Publié le par François-Guillaume Lorrain

Un journaliste a consacré une enquête à cet épisode méconnu de la guerre décrivant la toile tissée par de prétendus historiens à la botte du IIIe Reich.

Détail de la tapisserie de Bayeux, (1077).  Bibliothèque de Bayeux

Détail de la tapisserie de Bayeux, (1077). Bibliothèque de Bayeux

Il y a des livres dont le sujet semble au départ un peu mince, mais qui parviennent à l'élargir. Il y a des livres, trop rares, qui lèvent un lièvre, révélant un épisode qui avait échappé jusque-là aux radars. L'ouvrage de Jean-Charles Stasi répond à ces deux critères. Au cœur de son enquête, un des trésors culturels de la France, la tapisserie de Bayeux. Dans le rôle du prédateur, l'Ahnenerbe, l'organisation pseudo-scientifique fondée par Himmler en 1935, dont la mission était d'étudier « l'espace, l'esprit, les actes et l'héritage de la civilisation indo-germanique de race nordique, de donner une forme vivante aux résultats de la recherche et de les transmettre au peuple ». Autrement dit, traquer urbi et orbi en Europe les traces d'une présence nordique qui démontrerait la supériorité de cette race sur les autres et justifierait par conséquent la présence envahissante des Allemands dans des pays étrangers. Voilà pourquoi la tapisserie de Bayeux, qui, rappelons-le, évoque l'invasion de l'Angleterre par des Normands, donc des Vikings, les intéressait au plus haut point.

Envahir l'Angleterre, pensez donc. Le sujet à lui seul rend fous les nazis. Voilà pourquoi Herbert Jankuhn, archéologue du genre fanatique et obsessionnel, débarque à Bayeux en juin 1941, ou du moins à l'abbaye voisine de Mondaye, accompagné d'un peintre, d'un photographe, d'un dessinateur et d'un spécialiste de l'art du tissage. Ce Jankuhn a en vue un grand ouvrage ainsi qu'une exposition à Berlin, où la tapisserie serait rapatriée. En réalité, dès juillet 1939, les nazis avaient ce chef-d'œuvre dans le collimateur. À Bayeux, on est évidemment inquiet et, après le passage des Allemands, on éloigne le trésor à Sourches, dans un château de la Sarthe.

Débarquement

Si Jankuhn va quelque peu s'égarer en Crimée sur le front de l'Est pour traquer les vestiges d'une hypothétique présence gothique du côté de Sébastopol – autre marotte des archéologues à la botte du patron de la SS Heinrich Himmler –, les Allemands ne vont pas oublier ce récit d'un débarquement qu'ils viennent chercher à Sourches fin juin 1944 alors que les Alliés viennent eux-mêmes de débarquer. La tapisserie et son récit symbolique font d'ailleurs de nouveau la une de Life et de quelques journaux anglais. On s'alarme sur son sort. La voilà transférée par les Allemands au Louvre. Une première étape avant son départ pour un IIIe Reich aux abois ? Sans doute. Mais le chaos règne au sein de l'administration allemande. Le 20 août, alors que Paris a commencé à s'insurger, deux officiers SS se présenteront encore auprès de von Choltitz au Meurice pour mettre la main sur la fameuse tapisserie. Mais le gouverneur militaire allemand leur désigne le Louvre désormais aux mains des résistants.
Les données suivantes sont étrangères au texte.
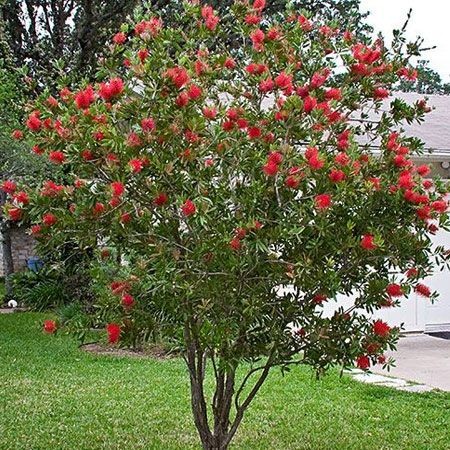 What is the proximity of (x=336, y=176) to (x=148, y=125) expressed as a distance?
97 cm

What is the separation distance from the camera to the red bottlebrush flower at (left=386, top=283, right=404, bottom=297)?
4.14 m

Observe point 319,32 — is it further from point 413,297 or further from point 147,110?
point 413,297

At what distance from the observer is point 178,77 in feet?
12.8

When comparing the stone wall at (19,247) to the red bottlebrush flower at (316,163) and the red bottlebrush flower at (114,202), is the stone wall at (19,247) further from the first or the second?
the red bottlebrush flower at (316,163)

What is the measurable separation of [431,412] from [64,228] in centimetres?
418

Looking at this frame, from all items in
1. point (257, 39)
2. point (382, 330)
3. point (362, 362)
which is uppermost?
point (257, 39)

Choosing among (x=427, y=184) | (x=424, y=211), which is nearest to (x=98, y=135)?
(x=424, y=211)

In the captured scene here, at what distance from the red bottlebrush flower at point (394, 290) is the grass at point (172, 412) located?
80.7 inches

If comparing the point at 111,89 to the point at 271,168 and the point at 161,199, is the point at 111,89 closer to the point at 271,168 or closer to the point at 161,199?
the point at 161,199

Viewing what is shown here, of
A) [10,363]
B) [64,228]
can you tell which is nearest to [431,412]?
[64,228]

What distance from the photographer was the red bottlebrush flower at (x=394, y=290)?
163 inches

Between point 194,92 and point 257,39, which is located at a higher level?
point 257,39

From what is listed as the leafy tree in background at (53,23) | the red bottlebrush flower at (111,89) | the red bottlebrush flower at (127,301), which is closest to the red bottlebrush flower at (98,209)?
the red bottlebrush flower at (127,301)

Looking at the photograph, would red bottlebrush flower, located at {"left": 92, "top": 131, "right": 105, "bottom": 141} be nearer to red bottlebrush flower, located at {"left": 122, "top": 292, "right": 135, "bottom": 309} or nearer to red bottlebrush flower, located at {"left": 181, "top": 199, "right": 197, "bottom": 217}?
red bottlebrush flower, located at {"left": 181, "top": 199, "right": 197, "bottom": 217}
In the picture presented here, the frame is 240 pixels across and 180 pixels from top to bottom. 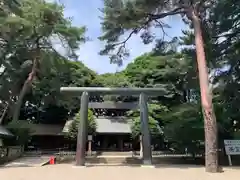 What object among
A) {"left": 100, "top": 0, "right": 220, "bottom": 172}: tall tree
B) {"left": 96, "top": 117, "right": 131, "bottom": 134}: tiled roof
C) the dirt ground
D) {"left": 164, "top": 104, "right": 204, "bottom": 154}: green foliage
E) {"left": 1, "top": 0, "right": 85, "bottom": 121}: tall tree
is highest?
{"left": 1, "top": 0, "right": 85, "bottom": 121}: tall tree

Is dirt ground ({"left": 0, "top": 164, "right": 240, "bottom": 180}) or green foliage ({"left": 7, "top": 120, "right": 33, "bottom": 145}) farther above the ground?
green foliage ({"left": 7, "top": 120, "right": 33, "bottom": 145})

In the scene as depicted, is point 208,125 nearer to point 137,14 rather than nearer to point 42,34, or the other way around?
point 137,14

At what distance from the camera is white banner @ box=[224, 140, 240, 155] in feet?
55.0

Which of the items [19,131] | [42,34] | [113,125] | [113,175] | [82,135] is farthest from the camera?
[113,125]

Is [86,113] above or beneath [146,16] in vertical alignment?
beneath

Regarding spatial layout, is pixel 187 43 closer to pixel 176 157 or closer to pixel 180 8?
pixel 180 8

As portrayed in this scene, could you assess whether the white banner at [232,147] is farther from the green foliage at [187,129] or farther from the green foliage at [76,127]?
the green foliage at [76,127]

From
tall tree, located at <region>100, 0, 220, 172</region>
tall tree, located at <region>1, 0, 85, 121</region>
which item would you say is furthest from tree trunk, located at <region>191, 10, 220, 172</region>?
tall tree, located at <region>1, 0, 85, 121</region>

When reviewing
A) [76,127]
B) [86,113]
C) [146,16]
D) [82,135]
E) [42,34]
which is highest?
[42,34]

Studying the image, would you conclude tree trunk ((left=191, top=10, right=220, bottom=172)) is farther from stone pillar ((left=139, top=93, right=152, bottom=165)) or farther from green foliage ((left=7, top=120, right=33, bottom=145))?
green foliage ((left=7, top=120, right=33, bottom=145))

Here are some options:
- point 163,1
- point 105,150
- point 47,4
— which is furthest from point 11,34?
point 105,150

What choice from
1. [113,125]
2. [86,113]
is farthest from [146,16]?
[113,125]

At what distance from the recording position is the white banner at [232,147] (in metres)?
16.8

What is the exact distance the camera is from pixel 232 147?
16828 mm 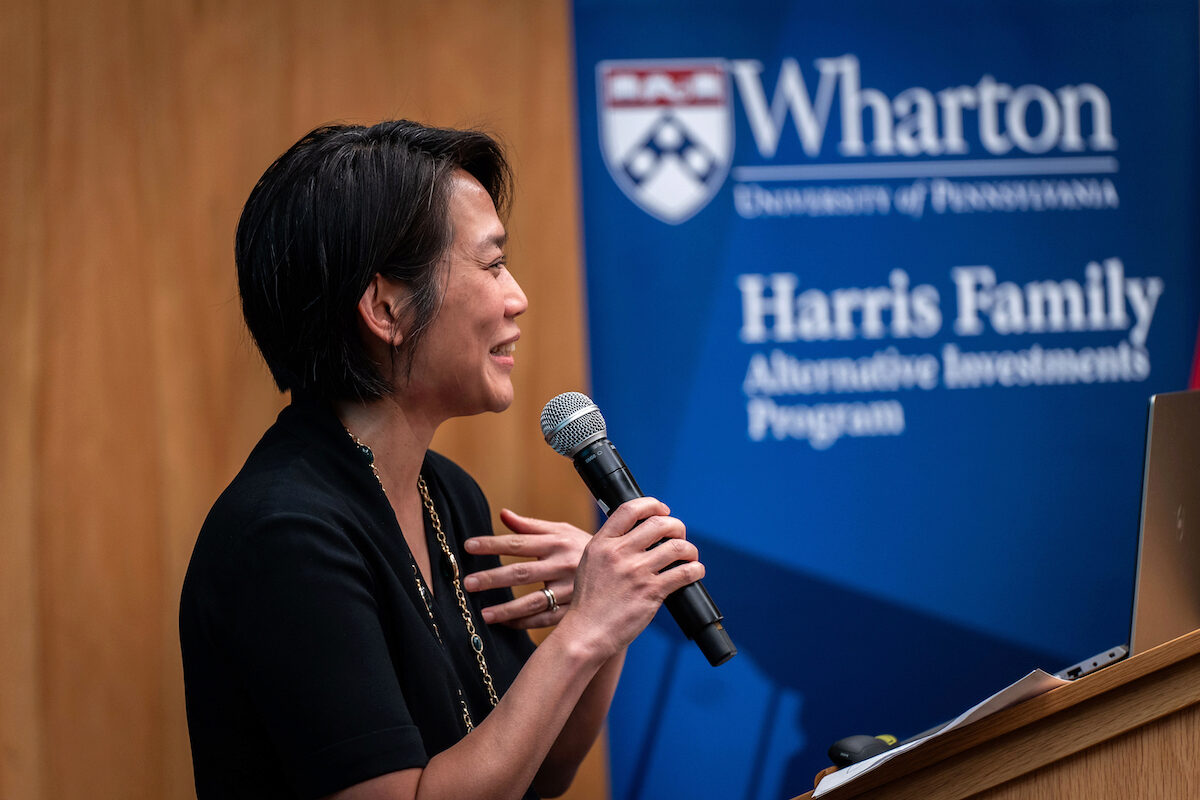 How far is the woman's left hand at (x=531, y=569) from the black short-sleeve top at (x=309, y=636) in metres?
0.17

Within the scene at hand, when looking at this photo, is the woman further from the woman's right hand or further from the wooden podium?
the wooden podium

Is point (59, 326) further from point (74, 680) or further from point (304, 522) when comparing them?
point (304, 522)

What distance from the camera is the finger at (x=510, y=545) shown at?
5.45ft

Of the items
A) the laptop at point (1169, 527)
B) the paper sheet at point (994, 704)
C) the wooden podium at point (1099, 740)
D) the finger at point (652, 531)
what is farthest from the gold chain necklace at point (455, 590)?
the laptop at point (1169, 527)

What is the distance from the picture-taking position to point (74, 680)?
2326mm

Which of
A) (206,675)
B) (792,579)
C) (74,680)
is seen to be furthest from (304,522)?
(792,579)

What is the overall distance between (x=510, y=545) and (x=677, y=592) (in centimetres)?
42

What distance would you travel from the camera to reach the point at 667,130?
2.62m

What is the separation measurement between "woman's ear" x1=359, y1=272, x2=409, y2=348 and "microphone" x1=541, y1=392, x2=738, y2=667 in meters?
0.26

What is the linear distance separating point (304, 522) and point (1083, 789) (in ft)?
3.13

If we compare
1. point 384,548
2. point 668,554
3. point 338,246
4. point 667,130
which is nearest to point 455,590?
point 384,548

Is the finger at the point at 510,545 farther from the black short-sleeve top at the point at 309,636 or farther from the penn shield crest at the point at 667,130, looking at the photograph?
the penn shield crest at the point at 667,130

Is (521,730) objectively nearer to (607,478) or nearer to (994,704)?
(607,478)

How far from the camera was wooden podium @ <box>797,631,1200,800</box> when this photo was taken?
1.07m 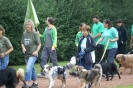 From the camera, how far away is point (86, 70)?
11.0 metres

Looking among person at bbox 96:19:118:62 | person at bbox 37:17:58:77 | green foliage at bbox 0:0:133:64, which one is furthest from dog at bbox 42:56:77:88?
green foliage at bbox 0:0:133:64

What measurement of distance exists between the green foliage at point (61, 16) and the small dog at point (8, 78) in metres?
9.18

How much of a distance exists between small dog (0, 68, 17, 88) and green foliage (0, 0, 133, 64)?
30.1 feet

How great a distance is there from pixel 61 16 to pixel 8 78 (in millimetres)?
12776

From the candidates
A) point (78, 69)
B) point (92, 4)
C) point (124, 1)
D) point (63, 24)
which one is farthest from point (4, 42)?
point (124, 1)

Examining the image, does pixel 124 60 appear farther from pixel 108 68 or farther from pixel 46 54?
pixel 46 54

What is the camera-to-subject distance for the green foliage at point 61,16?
63.2ft

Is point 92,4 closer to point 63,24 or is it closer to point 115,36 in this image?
point 63,24

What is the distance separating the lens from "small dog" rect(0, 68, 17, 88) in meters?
9.77

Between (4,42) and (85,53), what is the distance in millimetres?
2511

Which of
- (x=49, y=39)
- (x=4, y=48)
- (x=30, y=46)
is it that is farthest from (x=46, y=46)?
(x=4, y=48)

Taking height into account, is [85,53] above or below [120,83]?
above

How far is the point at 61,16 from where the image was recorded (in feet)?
73.2

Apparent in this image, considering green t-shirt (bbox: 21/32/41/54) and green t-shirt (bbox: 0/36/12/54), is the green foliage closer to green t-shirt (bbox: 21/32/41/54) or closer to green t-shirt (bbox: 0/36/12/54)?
green t-shirt (bbox: 21/32/41/54) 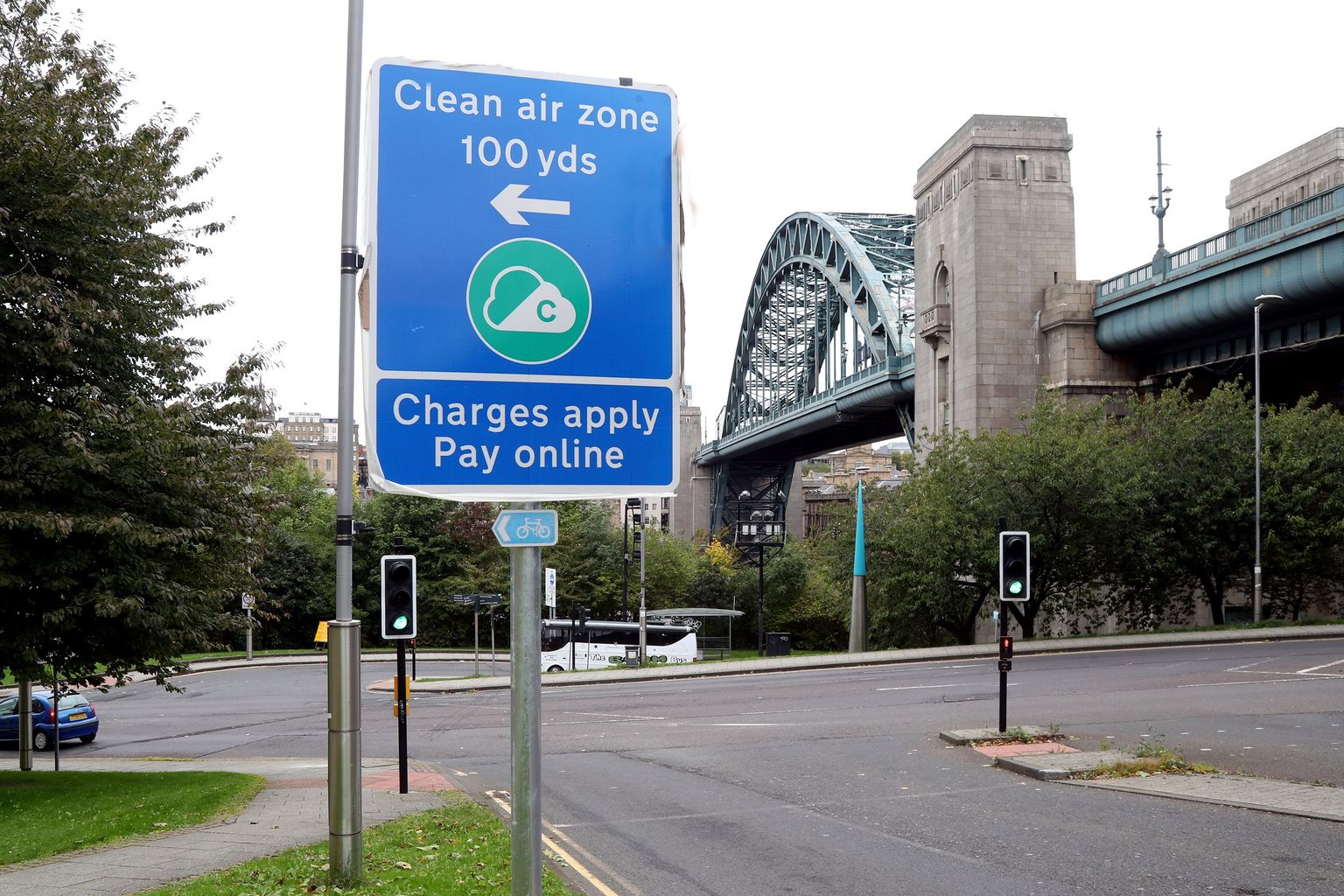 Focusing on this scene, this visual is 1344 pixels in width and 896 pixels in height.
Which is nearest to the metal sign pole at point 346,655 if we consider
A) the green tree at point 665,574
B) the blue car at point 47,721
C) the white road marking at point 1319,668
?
the blue car at point 47,721

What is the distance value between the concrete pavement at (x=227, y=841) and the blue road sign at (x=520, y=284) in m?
8.02

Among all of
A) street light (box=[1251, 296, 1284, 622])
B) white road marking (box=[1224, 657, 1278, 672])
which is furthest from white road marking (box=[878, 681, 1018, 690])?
street light (box=[1251, 296, 1284, 622])

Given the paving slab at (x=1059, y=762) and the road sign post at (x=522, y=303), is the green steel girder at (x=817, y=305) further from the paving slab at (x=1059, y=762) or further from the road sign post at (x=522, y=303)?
the road sign post at (x=522, y=303)

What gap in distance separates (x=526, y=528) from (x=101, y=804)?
515 inches

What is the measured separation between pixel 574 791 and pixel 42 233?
9358 millimetres

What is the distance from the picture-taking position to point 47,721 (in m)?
24.3

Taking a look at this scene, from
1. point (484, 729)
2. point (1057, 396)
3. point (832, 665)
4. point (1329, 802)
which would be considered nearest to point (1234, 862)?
point (1329, 802)

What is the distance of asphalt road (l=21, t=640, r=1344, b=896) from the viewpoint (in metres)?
9.77

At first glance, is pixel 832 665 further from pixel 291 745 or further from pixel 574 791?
pixel 574 791

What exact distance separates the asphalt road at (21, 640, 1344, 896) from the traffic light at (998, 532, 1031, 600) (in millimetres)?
2395

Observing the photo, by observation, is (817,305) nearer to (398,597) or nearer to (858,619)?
(858,619)

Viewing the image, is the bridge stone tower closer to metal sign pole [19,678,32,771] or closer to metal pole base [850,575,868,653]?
metal pole base [850,575,868,653]

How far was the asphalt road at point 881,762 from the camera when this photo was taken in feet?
32.0

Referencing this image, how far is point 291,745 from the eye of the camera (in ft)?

Du moins le chef-d'œuvre de la reine Mathilde pourra être admiré par les Parisiens, avec l'assentiment du maire de Bayeux, qui entend ainsi remercier le personnel du musée du Louvre. Elle y est exposée en novembre et décembre 1944. Avant de revenir enfin au bercail, en Normandie, dans cette terre supposée nordique.

Quand les nazis convoitaient la tapisserie de Bayeux

« Le Vol de la tapisserie de Bayeux », par Jean-Charles Stasi, éditions Tallandier, 250 pages, 20,50 euros.